Lawyer Expelled from Courtroom; Practitioner Sentenced Based on Superseded Law
(Minghui.org) A Falun Gong practitioner arrested last June was tried in Chengdu, Sichuan Province for her faith. She was found guilty of having violated a statutory interpretation of the Supreme People's Court that has been superseded, after a show trial.
Ms. Jing Huiling was sentenced to 18 months in prison on August 3, 2017 for practicing Falun Gong, a spiritual discipline persecuted by the communist regime in China since 1999.
Although the trial was supposed to be open to the public, the court allowed only the defendant's family members into the courtroom. The personal identification documents of those allowed into the courtroom were carefully screened the day before the trial. A security check was set up at the court entrance to search the two lawyers and families, and cell phones were not allowed in the courtroom.

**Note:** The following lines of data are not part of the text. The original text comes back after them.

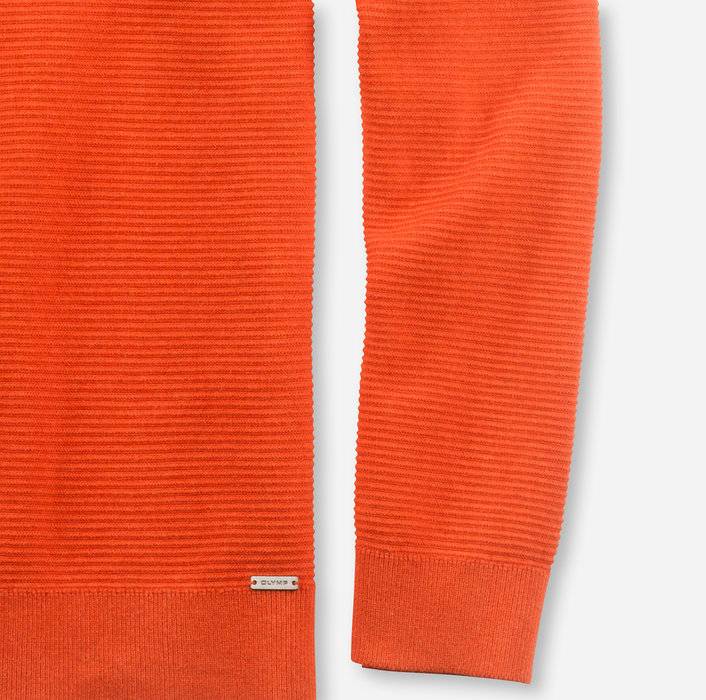 Olymp Maglione Girocollo Olymp Arancio In Cotone Bio Modern Fit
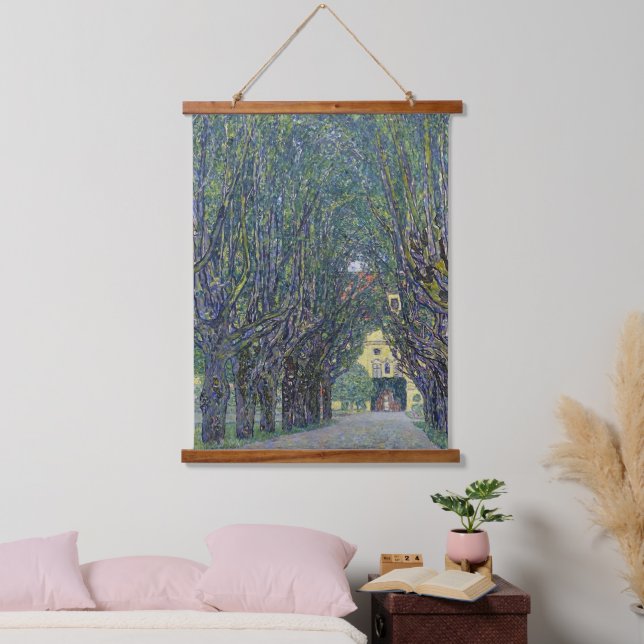 Gustav Klimts Allee im Kammer Gemälde. Wandteppich Mit Holzrahmen (Schlafzimmer)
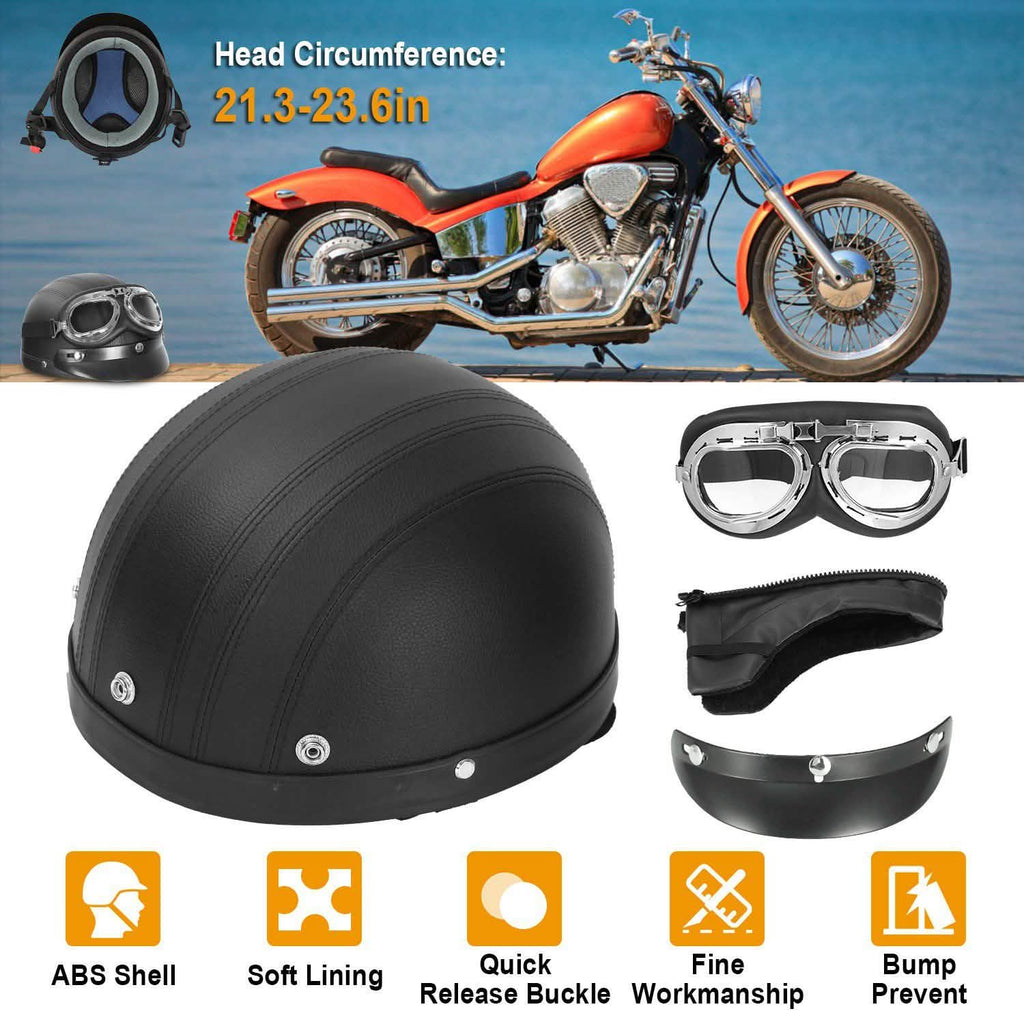 Half Motorcycle Helmet with Pilot Goggles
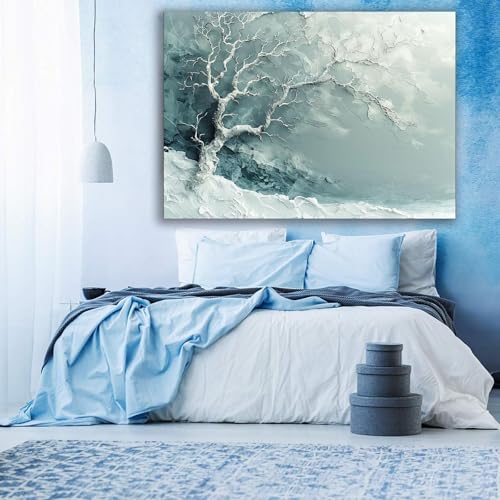 Arbre abstrait moderne tableau sur toile 30x50cm encadré DunPei décor salon - 4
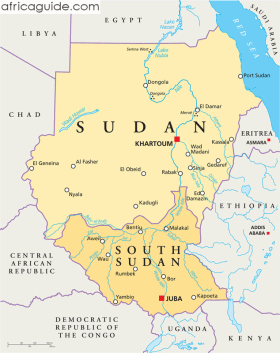 Sudan and South Sudan map with capitals Khartoum and Juba
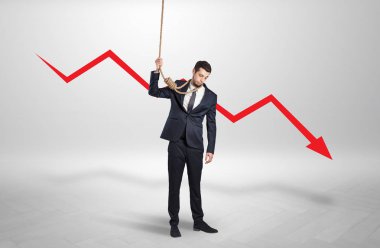 Kaybı kavramı azalan ile umutsuz iş adamı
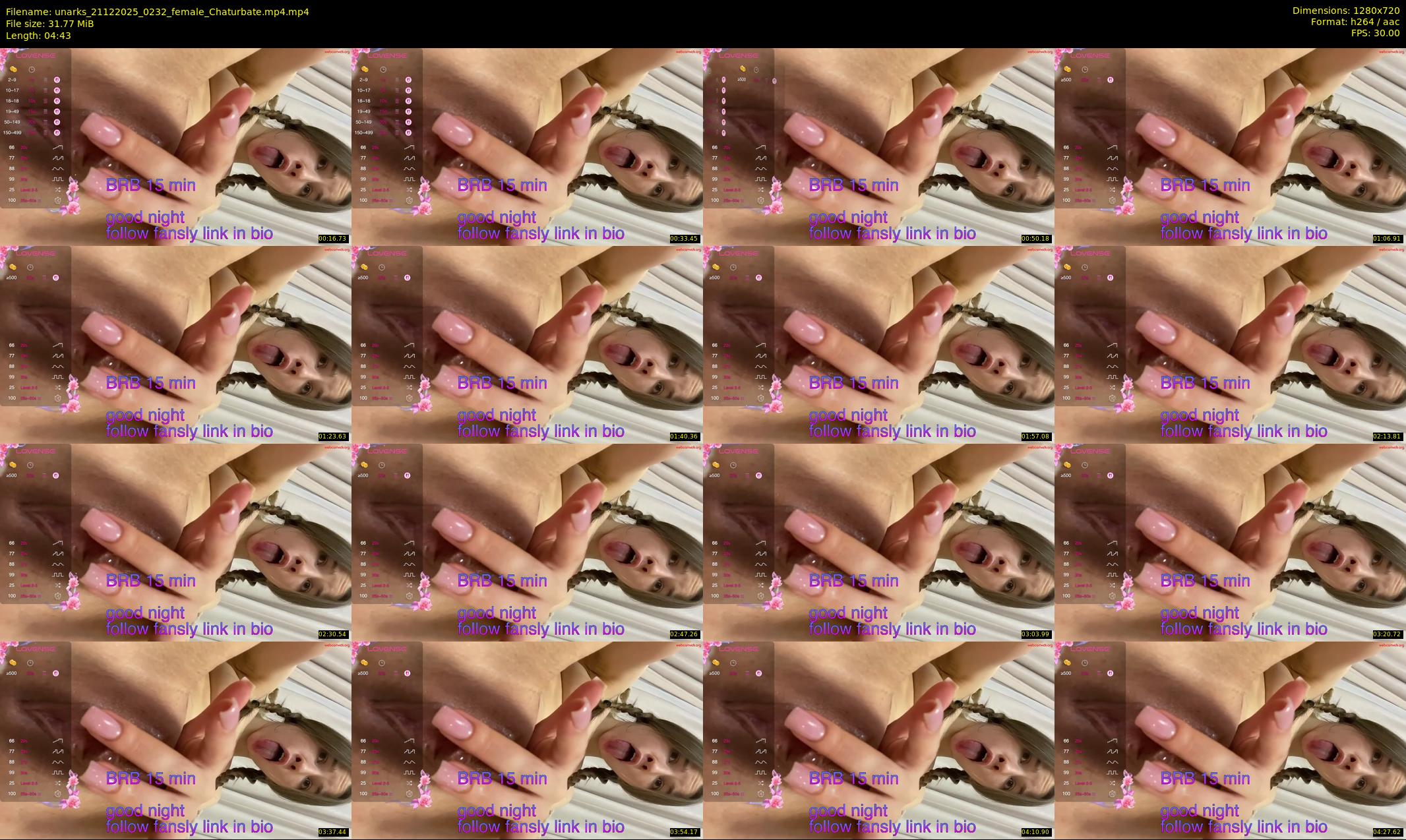 unarks — 5 minute Chaturbate female cam show recording, 720p, Dec 21, 2025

Xie Gang, the presiding judge, did not allow the lawyers' assistant to take notes. During the cross-examination, one of the lawyers requested the prosecution to display all the evidence. Xie denied the request and expelled the lawyer from the courtroom.

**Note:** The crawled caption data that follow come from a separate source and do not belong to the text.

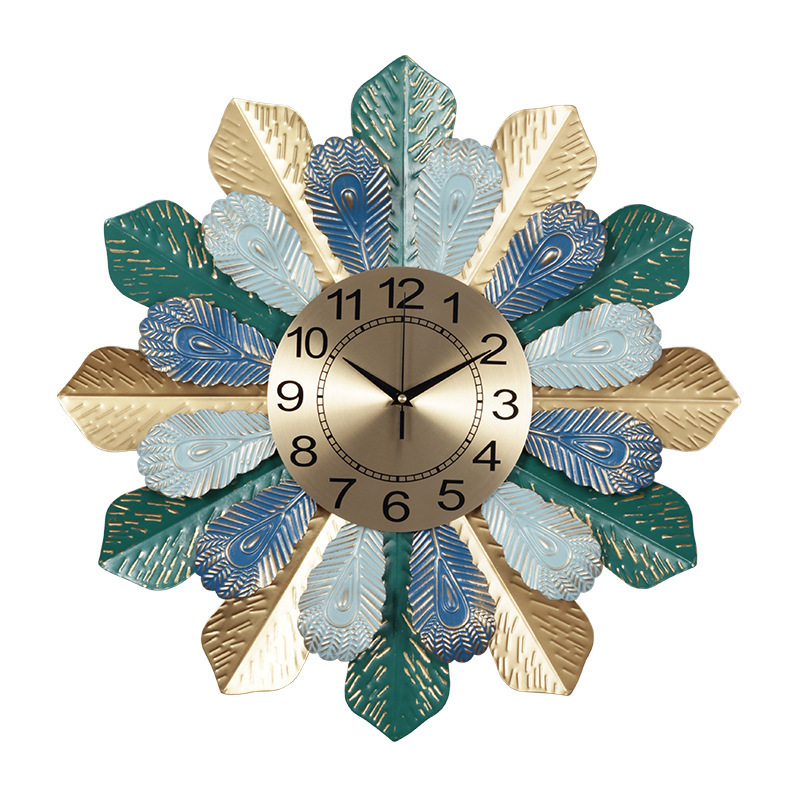 American Style Luxury Circle Brief Creative Round Wrought Iron Metal Wall Clock for Wall Decoration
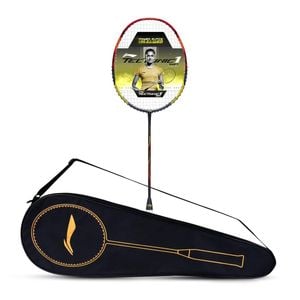 Li-Ning Tectonic 1S Carbon Fibre Strung Badmiton Racket with Full Cover | Size: 4U (83gm) | Grey-Red-Lime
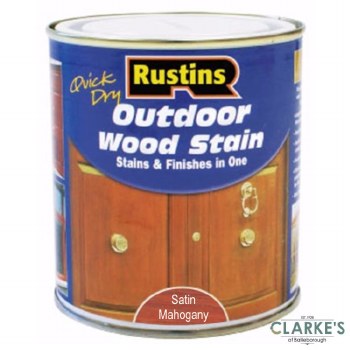 Rustins Outdoor Woodstain Satin Mahogany 500 ml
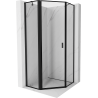 Mexen Mist cabine de douche pentagonale pivotante gauche 100 x 100 cm, cadre noir, noir - 8A8-100-100-70-70-L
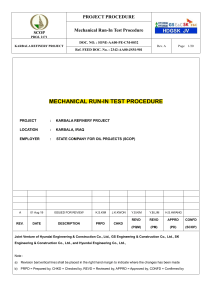 Mechanical Run-In Test Procedure for Karbala Refinery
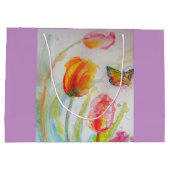 ピンクチューリップチューリップフローラ水彩抱き枕 ラージペーパーバッグ (裏面)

The prosecutor quoted an abolished statutory interpretation by the Supreme People's Court as the basis for Ms. Jing's sentencing and ignored an objection from the other defense lawyer. The judge frequently interrupted Ms. Jing and her lawyer as they spoke. As a result, she could not effectively express her case in her closing statement, and the lawyer could not finish his closing argument.
Ms. Jing filed an appeal immediately after the sentencing.

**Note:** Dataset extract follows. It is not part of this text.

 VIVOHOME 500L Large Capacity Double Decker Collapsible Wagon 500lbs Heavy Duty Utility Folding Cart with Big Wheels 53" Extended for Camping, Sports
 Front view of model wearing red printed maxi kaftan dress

Background on the Interpretation of Criminal Law
The indictment was based on the statutory interpretation of Article 300 of the Criminal Law (“Interpretation” hereinafter) issued by the Supreme People’s Court and the Supreme People’s Procuratorate back in November 1999, four months after Jiang Zemin launched a nationwide campaign against Falun Gong. The interpretation directed that anyone practicing or promoting Falun Gong be prosecuted to the fullest extent possible, as Jiang had labeled the practice a “cult.”
A new statutory interpretation of the Criminal Law was developed to replace the 1999 version, and it took effect on February 1, 2017. The new interpretation made no mention of Falun Gong and emphasized that any indictment against anyone engaging in a cult must be based on solid legal grounds. Since no law in China criminalizes Falun Gong or labels it a cult, the indictment lacked legal basis.